A soggy welcome, wilkommen and bienvenue from Ralph Wilson Stadium, where scattered Broncos roam about the field, iPods plugged into their ears as they go through some early pre-game warmup paces. As I peer down from the blessedly enclosed press box, safe from the damp elements, I can see Jason Elam and Todd Sauerbrun in uniform kicking, and Daniel Graham, Nick Ferguson, Brian Clark, Javon Walker and Nate Jackson all moving around. Elam just chucked a 45-yard pass to team chaplain Bill Rader — not too shabby for a kicker, or for anyone.
The guy practicing the national anthem sounds like he’s channeling the voice of John Denver. Eerie ..
There’s several dozen people in orange and blue ponchos sitting in the end zone stands, but now they disperse … presumably to attend to their security duties around the stadium.
The ride over to the stadium was quiet, aside from the music roaring into my headphones on my iPod. Usually on these short jaunts to the stadium, I leave my iPod musical choice to the fate of the shuffle from the “Andrew Radio” playlist. Somehow, I cling to the belief that there might possibly be some divine control over the song arrangement. At times I can piece together a connection; at others I don’t have a bloody clue.
So, henceforth, every so often, I’ll share the selections my iPod brings me. If you can help me figure out any grand meaning to the music — or if you just want to confirm my reservation at the nut house — please offer your comments below.
The selections from early this morning and the ride to the stadium …
Fields of Gold, Sting … I prefer the Eva Cassidy rendition, which didn’t come up today.
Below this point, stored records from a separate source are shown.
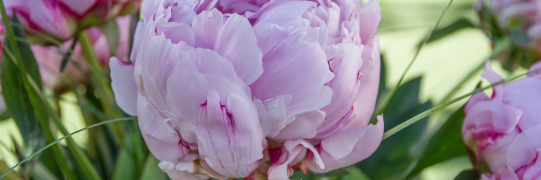 Pfingstmontag - Schulverwaltung geschlossen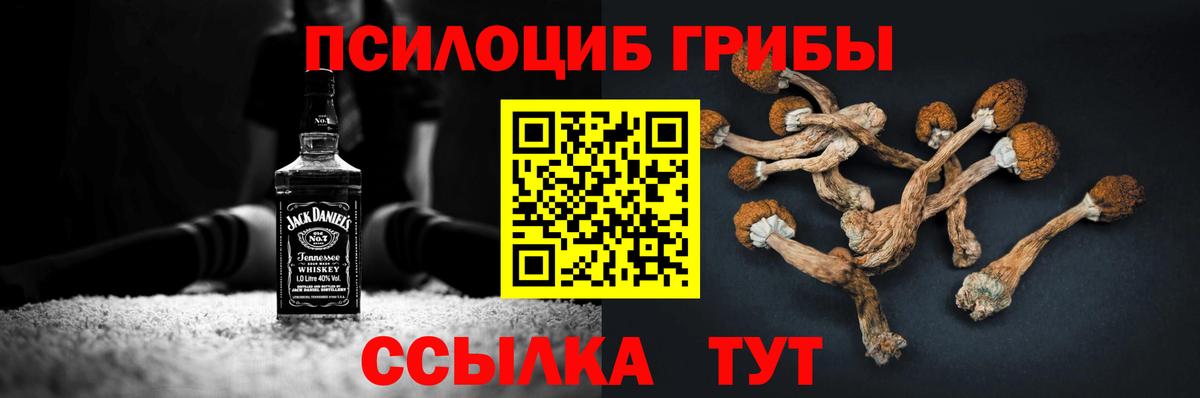 Галлюциногенные грибы ЛСД  Вход с VPN  Кимры  наркота  Псилоцибиновые грибы Psilocybine cubensis 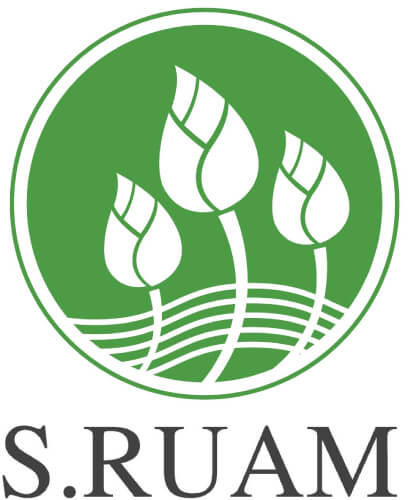 P2_056_IDE_สร่วมไทย-01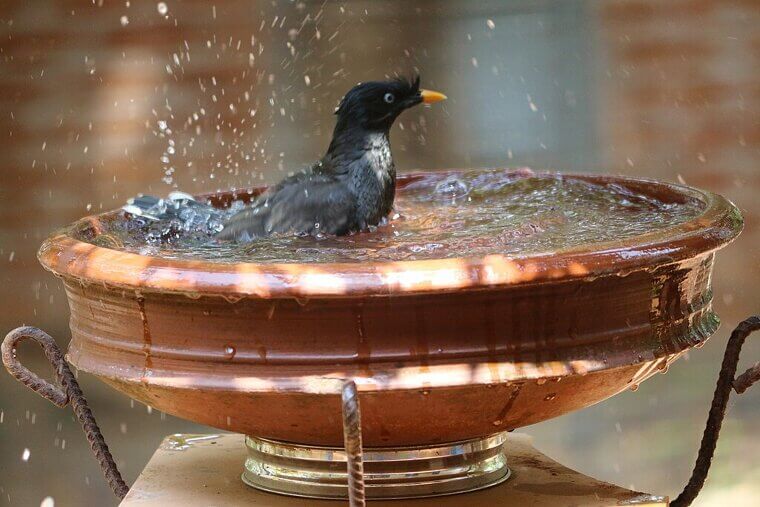Put Out a Birdbath or Feeder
I skipped this choise, looking for something with more energy.
New World Man, Rush … This one stood out. You can prescribe this to any number of younger players of whom big things are expected. To wit:
He’s not concerned with yesterday
He knows constant change is here today
He’s noble enough to know what’s right
But weak enough not to choose it
He’s wise enough to win the world
But fool enough to lose it –
He’s a new world man.
I also learned from Wikipedia that this was Rush’s only American Top 40 hit. Surprising. Now, on with the countdown …
On the Winning Side, Sam Spence … Most prominently heard at the end of the Super Bowl XII highlight film.
Rain on the Scarecrow, John Mellencamp … Well, it is pretty rustic around Ralph Wilson Stadium, but it’s New England/Northeast rustic, not Indiana/Midwest rustic. Two years ago when we were here and snow covered everything but the playing field, I likened some of the neighborhoods visible from the highways to Siberian villages, except these just happened to have Target, Macy’s and the occasional Lord and Taylor.
Your Wife Don’t Understand You, Lurleen Lumpkin … Simpsonologists will remember this as the song Homer hears when he visits a bar in Spittle County and orders Fudd, because the redneck bar doesn’t carry Duff. (“We don’t sell Duff. We sell Fudd.” “Okay, Fudd me.”) Can’t make any connection to football here, but “Colonel Homer” is one of my favorite Simpsons episodes.
A Little Bit South Of Saskatoon, Sonny James … Well, we are close to Canada. Always good to hear a song from Slap Shot, too.
Stagger Lee, Lloyd Price … The 1987 divisional playoff game with the Oilers.
Into The Great Wide Open, Tom Petty & The Heartbreakers … Decent song, better video. It’d be nice if the first couple of verses became an allegory for the season; not so much if the last ones were.
Inactives coming soon … until next entry, vaya con Dios.